Hi Everyone, I have been reading many posts in the rich forum, and this is my first simple question,
I am knew to this, I just downloaded WinHex and FTK, but I do not seem to find where to look for these references
I have a copy of floppy image
Bytes per Sector
Sector Count
Thanks in advace
Hi Zinman,
In WinHex there are several ways to see this information. It also might depend on which version you are using and whether you have the forensic version or not.
But, in general Open the image in WinHex. If it is an image file, you will have to use the Specialist -> Interpret Image File As Disk feature to "see" the logical structure. At this point the information should be on the screen. In the bottom left corner of the hex view, you should see a counter showing which sector you are viewing. It should show something like 0 of 2880. The bytes per sector figure should be showing in the Details Panel on the right hand side. If not, click View->Show->Details Panel.

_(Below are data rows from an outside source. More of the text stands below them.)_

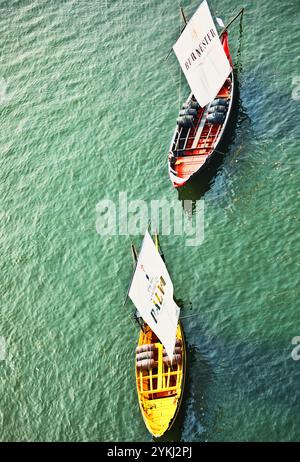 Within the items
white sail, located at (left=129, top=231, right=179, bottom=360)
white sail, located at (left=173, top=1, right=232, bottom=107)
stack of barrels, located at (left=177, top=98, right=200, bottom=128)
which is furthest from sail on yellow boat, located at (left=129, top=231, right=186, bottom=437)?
white sail, located at (left=173, top=1, right=232, bottom=107)

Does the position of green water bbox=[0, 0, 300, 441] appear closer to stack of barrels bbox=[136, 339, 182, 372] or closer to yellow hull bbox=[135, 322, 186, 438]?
yellow hull bbox=[135, 322, 186, 438]

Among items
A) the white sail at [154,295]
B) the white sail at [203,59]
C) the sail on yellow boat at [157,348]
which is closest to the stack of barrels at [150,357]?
the sail on yellow boat at [157,348]

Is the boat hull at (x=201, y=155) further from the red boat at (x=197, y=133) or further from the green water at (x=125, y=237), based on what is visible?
the green water at (x=125, y=237)

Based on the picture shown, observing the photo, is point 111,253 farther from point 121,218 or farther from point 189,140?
point 189,140

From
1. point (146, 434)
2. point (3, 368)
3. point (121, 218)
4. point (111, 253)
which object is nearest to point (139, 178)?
point (121, 218)

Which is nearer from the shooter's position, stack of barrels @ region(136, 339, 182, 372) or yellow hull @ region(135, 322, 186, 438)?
yellow hull @ region(135, 322, 186, 438)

Another option is to put the cursor on the first byte of the disk image and choose View->Template Manager. Then choose Boot Sector FAT. The template manager will open and show the details you want. And, as a bonus, WinHex will show you the offsets to read the info yourself.
If you learn to use it, WinHex is an incredible program (not quite as full featured as FTK or EnCase, but….). It is the best program for data recovery (in my humble opinion).
Good luck.
Most programs designed for recovery try to do too much for you. They don't always give you the freedom that you might need. In exchange, they are very easy to use with little training.

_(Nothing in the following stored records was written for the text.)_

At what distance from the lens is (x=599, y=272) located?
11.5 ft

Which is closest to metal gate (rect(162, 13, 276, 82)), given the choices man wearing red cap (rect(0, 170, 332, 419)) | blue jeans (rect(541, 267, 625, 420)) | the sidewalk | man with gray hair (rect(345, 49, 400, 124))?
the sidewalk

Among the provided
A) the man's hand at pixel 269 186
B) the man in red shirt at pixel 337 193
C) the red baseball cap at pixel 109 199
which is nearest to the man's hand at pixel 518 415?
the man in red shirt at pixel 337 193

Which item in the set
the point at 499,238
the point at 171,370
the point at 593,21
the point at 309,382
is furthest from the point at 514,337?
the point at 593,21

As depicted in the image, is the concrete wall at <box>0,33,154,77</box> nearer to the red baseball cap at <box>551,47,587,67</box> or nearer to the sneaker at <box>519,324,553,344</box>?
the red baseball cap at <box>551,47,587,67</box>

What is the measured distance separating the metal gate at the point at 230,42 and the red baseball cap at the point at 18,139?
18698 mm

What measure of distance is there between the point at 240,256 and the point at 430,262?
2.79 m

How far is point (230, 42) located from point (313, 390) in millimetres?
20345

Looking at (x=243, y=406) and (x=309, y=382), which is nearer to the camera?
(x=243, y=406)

WinHex is a full featured forensic analysis environment (..maybe e-mail recovery is a weakness…) so it gives you total control. The trade off is that you have to spend some time learning to use the features.
What I like
Easy access to the hex underlying the files.
Aggressive data carving.
A simple right click to recover deleted files that still have FAT/MFT/directory information.
It is mostly manual. I decide what to recover, not the program. If a file is fragmented, I can look at the hex for the fragments and not rely on some program blindly reconstructing parts and then telling me that the file is corrupt.
Also if you need to image a damaged drive, my experience is that WinHex chugs through bad sectors and keeps going better than any other program. I've been able to get nearly complete images with WinHex when EnCase wouldn't even start!
In all likelihood, the reason I like it so much is that I attended training with Stefan Fleischmann, learned to use the program well and appreciate its power. Once I was comfortable with it, why would I buy any other program just because it is easier to learn?